Nach der "Aktuellen Stunde" mit Kerstin und Matthias Dudde als Moderator gab es mal wieder einen kleinen Energieabbau, sich weiterhin für die Irak-Sache zu bemühen, mehrten sich doch auch Anzeichen, daß der Irak-Krieg fast vorbei zu sein schien. So trafen wir uns zuletzt nochmal im Büro, um über die zukünftige Arbeit zu beraten. Nach einer Auswertung unserer Veranstaltung bekräftigten wir uns die Bereitschaft, weiterhin eine Arbeitsgruppe zu bilden, wälzten aber schon mal Gedanken, den Fokus etwas zu erweitern.

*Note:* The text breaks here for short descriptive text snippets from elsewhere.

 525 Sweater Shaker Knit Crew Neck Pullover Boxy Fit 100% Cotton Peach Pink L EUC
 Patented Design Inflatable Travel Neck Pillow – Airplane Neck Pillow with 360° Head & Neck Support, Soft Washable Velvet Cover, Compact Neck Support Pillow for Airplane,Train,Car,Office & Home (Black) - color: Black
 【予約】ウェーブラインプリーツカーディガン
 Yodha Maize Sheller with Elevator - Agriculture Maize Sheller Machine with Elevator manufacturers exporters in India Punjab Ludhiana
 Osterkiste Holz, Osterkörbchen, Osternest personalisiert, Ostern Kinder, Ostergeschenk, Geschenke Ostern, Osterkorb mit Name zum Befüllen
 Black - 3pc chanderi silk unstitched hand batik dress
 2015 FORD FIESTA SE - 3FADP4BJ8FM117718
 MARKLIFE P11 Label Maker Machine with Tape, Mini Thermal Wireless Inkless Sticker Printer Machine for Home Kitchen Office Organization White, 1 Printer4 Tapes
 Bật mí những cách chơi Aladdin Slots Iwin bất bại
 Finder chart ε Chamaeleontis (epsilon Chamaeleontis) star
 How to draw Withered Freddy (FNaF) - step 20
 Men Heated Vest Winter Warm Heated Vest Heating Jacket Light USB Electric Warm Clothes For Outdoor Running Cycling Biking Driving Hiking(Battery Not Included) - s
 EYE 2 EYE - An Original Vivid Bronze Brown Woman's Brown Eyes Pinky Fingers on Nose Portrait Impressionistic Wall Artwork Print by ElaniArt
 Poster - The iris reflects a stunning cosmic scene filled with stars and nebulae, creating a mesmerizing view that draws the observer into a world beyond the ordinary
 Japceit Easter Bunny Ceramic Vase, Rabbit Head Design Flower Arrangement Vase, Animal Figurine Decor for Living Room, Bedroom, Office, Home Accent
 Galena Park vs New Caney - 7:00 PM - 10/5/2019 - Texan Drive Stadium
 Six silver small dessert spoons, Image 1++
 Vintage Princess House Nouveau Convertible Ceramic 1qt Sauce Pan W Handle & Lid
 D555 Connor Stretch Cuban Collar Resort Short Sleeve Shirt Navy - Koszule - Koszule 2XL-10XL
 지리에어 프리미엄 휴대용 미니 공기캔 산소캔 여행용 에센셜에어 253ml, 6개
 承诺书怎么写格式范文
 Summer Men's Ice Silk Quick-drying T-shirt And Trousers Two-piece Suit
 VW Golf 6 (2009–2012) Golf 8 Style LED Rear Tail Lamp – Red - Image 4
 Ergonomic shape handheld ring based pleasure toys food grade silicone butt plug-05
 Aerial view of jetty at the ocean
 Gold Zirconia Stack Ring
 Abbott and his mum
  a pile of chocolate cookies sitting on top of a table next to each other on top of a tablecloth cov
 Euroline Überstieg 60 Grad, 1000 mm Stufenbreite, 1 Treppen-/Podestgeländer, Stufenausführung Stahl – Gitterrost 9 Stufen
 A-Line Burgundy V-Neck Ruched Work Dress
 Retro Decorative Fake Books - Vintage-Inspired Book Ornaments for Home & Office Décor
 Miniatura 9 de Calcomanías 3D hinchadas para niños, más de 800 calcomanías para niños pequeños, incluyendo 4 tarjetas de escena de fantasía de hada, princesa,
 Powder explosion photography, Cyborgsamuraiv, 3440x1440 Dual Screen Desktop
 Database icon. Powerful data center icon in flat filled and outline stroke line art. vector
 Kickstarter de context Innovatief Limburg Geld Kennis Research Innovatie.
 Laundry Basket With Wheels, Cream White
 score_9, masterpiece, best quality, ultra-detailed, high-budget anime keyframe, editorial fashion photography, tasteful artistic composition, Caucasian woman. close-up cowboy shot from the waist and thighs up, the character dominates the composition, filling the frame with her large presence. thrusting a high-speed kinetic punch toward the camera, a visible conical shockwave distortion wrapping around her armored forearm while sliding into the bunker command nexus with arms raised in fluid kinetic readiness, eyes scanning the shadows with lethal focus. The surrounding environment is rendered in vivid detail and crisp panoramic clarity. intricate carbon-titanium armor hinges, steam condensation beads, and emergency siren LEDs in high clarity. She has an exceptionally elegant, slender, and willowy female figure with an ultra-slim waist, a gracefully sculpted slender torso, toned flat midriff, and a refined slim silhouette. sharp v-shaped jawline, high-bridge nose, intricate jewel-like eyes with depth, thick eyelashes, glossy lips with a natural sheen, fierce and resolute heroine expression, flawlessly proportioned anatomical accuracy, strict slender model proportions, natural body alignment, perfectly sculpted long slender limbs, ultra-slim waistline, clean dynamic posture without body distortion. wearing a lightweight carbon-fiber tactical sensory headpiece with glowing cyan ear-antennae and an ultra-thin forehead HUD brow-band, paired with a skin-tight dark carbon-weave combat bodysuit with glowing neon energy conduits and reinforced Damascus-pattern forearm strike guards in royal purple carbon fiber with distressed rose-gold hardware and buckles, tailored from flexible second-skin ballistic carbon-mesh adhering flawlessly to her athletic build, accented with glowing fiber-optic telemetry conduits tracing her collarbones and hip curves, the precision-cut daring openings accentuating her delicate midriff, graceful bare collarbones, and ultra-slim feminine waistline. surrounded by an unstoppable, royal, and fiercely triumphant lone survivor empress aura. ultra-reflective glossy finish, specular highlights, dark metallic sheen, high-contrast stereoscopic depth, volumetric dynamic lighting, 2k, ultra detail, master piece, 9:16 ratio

So fielen uns sofort die Konflikte in Palästina und in Kaschmir ein. Die Kurdistan-Frage steht auf der Tagesordnung, aber auch die geplante EU-Armee als Bestandteil einer Europäischen Sicherheits- und Verteidigungspolitik, ESVP. Wie geht man überhaupt mit dieser Art amerikanischer Außenpolitik um, fragten wir uns. Was ist das Gegenmodell, daß uns als Europäern vorschwebt? Wie sehen überhaupt die ganzen Fragen der Erweiterung aus? Was ist mit Blick auf die Europawahl im nächsten Jahr festzustellen? So kamen wir auf die Idee, wieder Informationsveranstaltungen zu planen, mit Leuten unserer Uni aus dem Journalistik-Fachbereich, Leuten von Friedensinstituten oder anderen Fachleuten, z.B. aus Österreich.

Einige wollten, daß es weiterhin um Bündelung von Kräften gehen sollte, denn andere Gruppen haben diesbezüglich auch wertvolle Erfahrungen bzw. Kenntnisse, so z.B. das Friedensforum. Teilweise wollen wir wieder mit ihnen zusammenarbeiten.

Wir verabredeten einen vierzehntägigen Rhythmus und beschlossen, beim nächsten Mal noch konkreter zu überlegen, wie wir uns umbenennen wollen.

Dieser Bericht faßt meine persönlichen Eindrücke zusammen und erhebt nicht den Anspruch auf Vollständigkeit und kann daher gerne ergänzt werden.